[Opening Task data section]

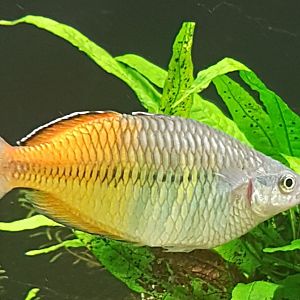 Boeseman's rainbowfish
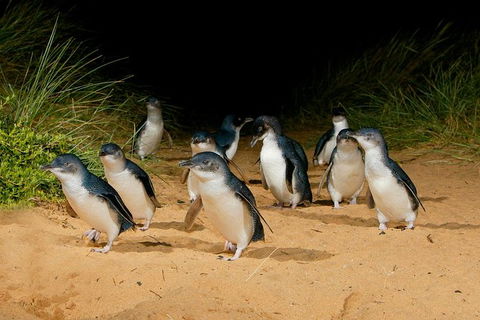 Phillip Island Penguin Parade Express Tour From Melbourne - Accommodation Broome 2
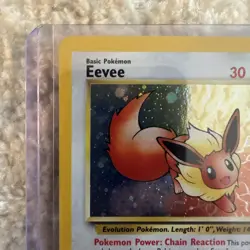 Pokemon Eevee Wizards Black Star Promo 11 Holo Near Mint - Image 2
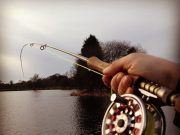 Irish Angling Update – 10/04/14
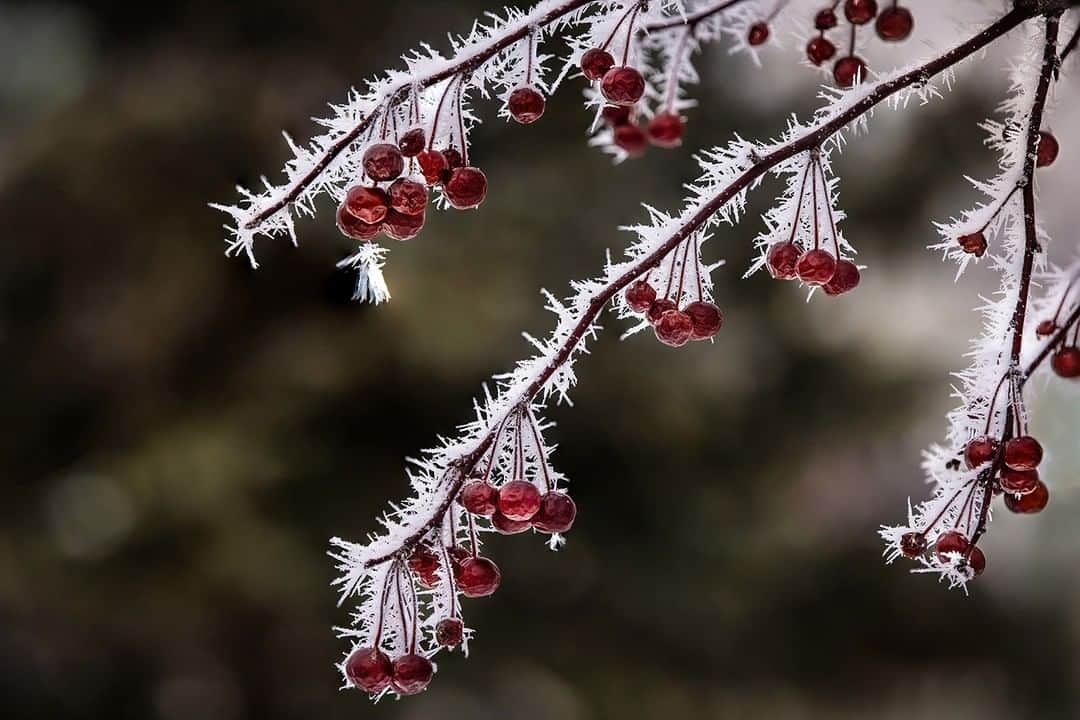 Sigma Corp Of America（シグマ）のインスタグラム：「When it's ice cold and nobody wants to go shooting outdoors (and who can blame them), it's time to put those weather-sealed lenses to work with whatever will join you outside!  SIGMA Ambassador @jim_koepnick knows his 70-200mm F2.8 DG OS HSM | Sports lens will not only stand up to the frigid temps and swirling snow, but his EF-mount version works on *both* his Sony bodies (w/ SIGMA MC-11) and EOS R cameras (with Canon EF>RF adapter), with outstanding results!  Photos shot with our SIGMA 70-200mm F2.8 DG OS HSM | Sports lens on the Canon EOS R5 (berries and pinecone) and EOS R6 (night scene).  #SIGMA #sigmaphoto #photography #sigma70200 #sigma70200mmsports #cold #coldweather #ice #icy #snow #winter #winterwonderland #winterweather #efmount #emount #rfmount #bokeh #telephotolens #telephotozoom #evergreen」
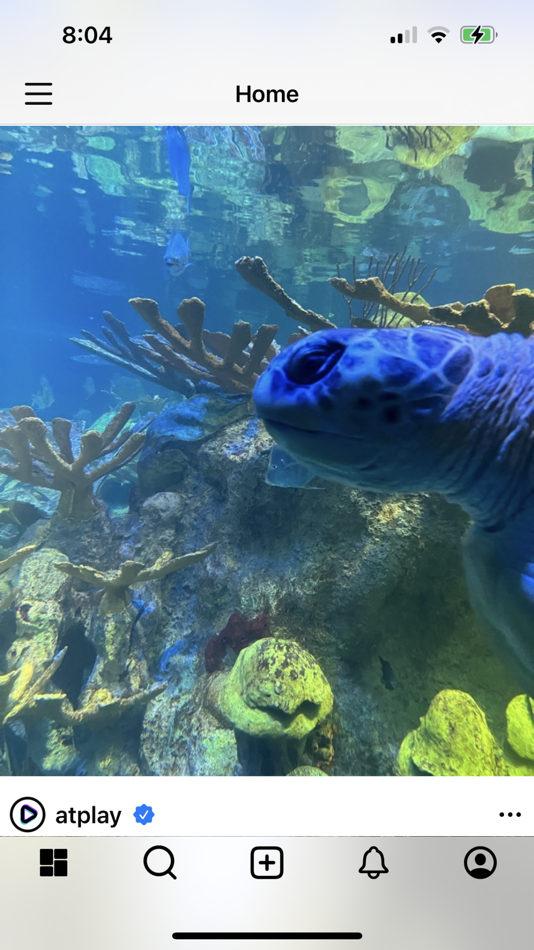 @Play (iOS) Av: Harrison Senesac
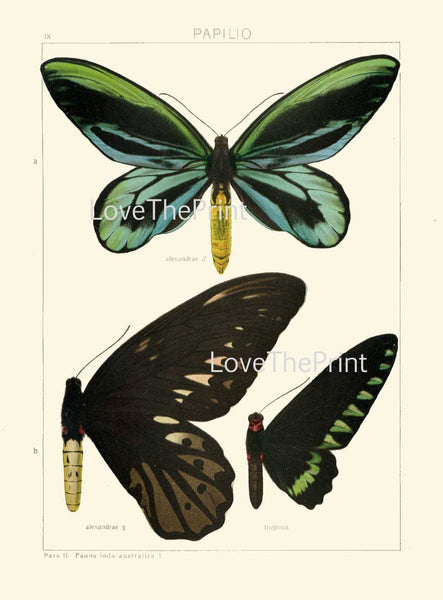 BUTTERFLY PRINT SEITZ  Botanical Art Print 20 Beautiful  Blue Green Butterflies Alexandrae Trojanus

[Closing Task data section]
[Opening Task data section]

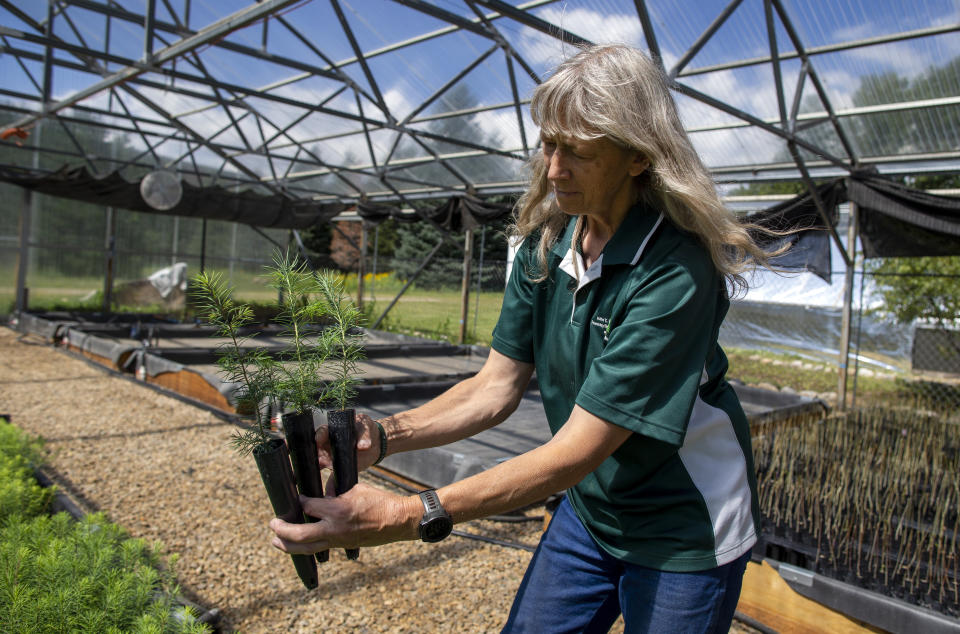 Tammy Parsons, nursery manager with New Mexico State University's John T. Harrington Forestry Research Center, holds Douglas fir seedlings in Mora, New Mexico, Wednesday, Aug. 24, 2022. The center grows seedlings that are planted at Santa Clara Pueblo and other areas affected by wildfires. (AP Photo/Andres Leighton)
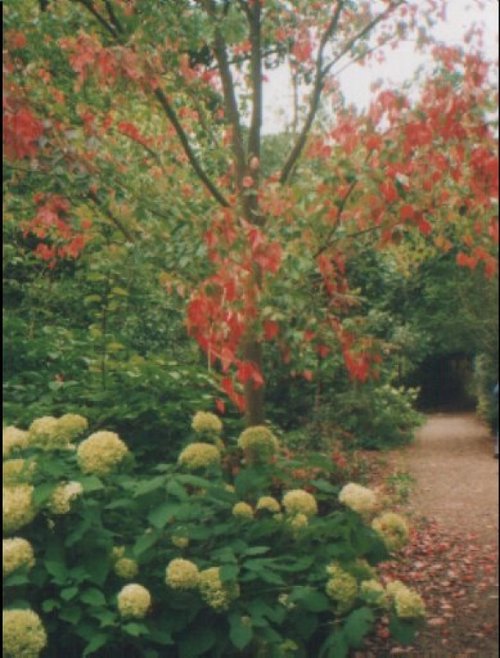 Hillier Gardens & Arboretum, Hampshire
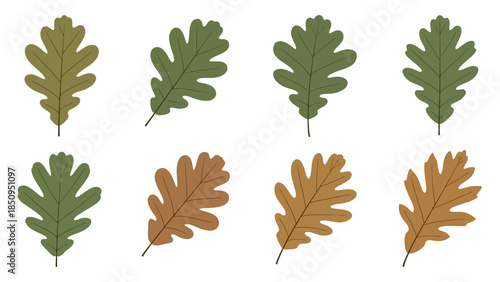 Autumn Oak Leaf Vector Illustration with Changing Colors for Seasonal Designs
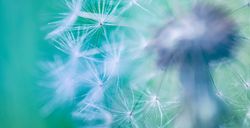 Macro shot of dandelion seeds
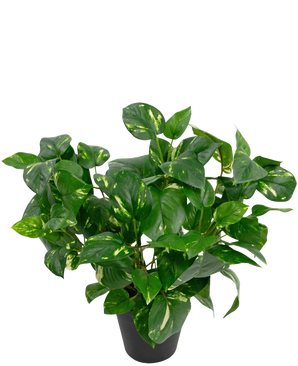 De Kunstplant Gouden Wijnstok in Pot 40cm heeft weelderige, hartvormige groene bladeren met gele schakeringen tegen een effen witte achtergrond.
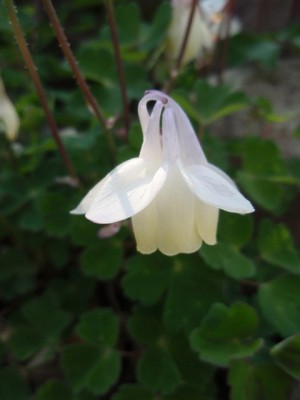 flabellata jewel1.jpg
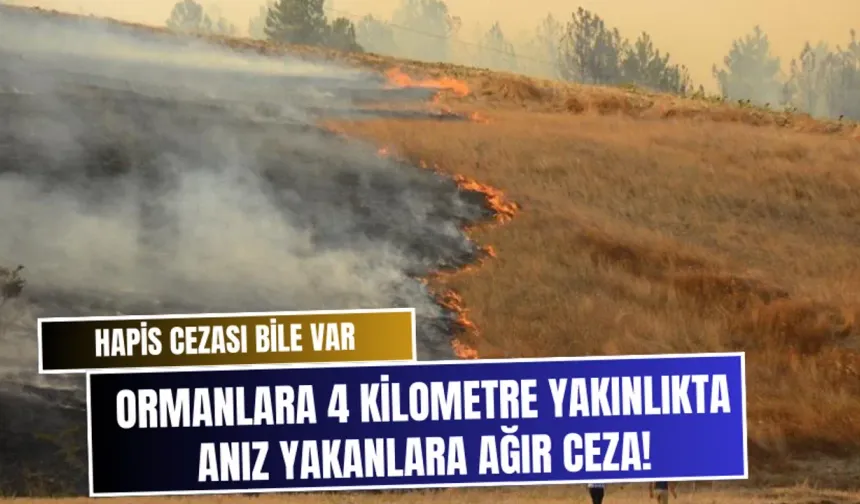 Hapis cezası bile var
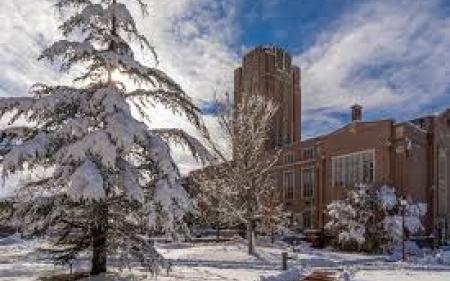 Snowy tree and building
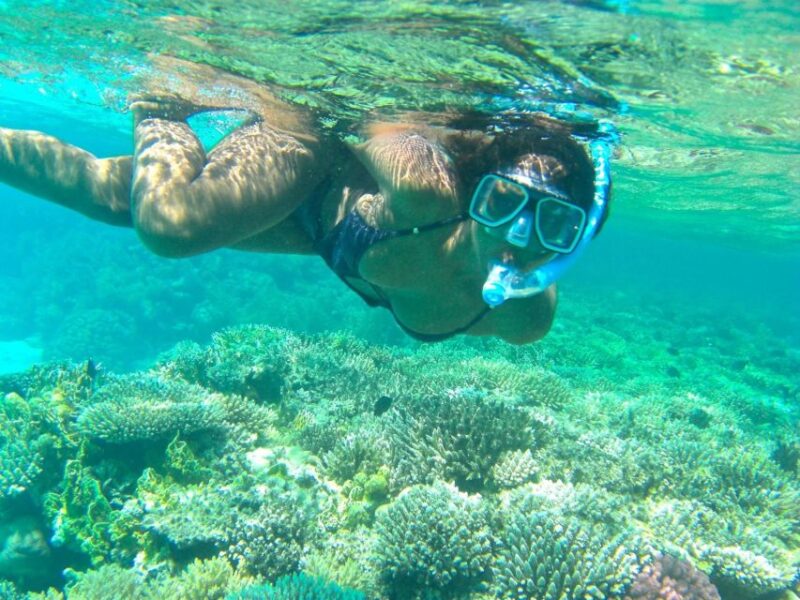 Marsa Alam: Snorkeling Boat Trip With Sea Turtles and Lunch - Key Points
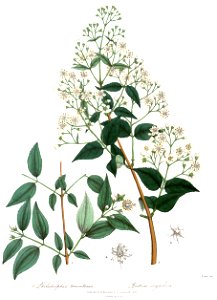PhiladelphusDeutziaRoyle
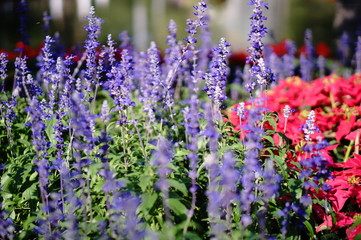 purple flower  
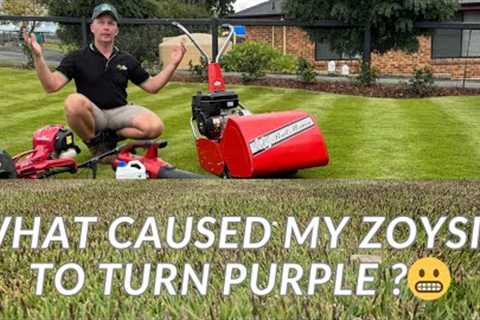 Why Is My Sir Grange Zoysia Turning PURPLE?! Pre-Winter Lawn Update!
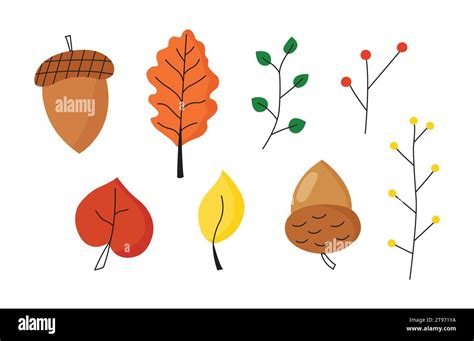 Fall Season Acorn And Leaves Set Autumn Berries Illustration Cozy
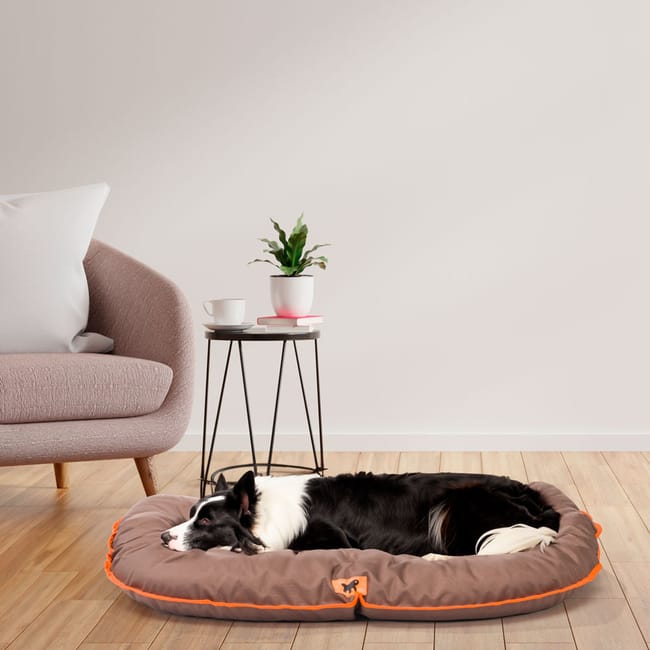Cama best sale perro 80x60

[Closing Task data section]

Exercise prompt:
What you return must match the lines above from the one with "Phillip Island Penguin" through the one with "Irish Angling Update – 10/04/14" exactly, with both ends included and the pictures excluded.

Written response:
 Phillip Island Penguin Parade Express Tour From Melbourne - Accommodation Broome 2
 Pokemon Eevee Wizards Black Star Promo 11 Holo Near Mint - Image 2
 Irish Angling Update – 10/04/14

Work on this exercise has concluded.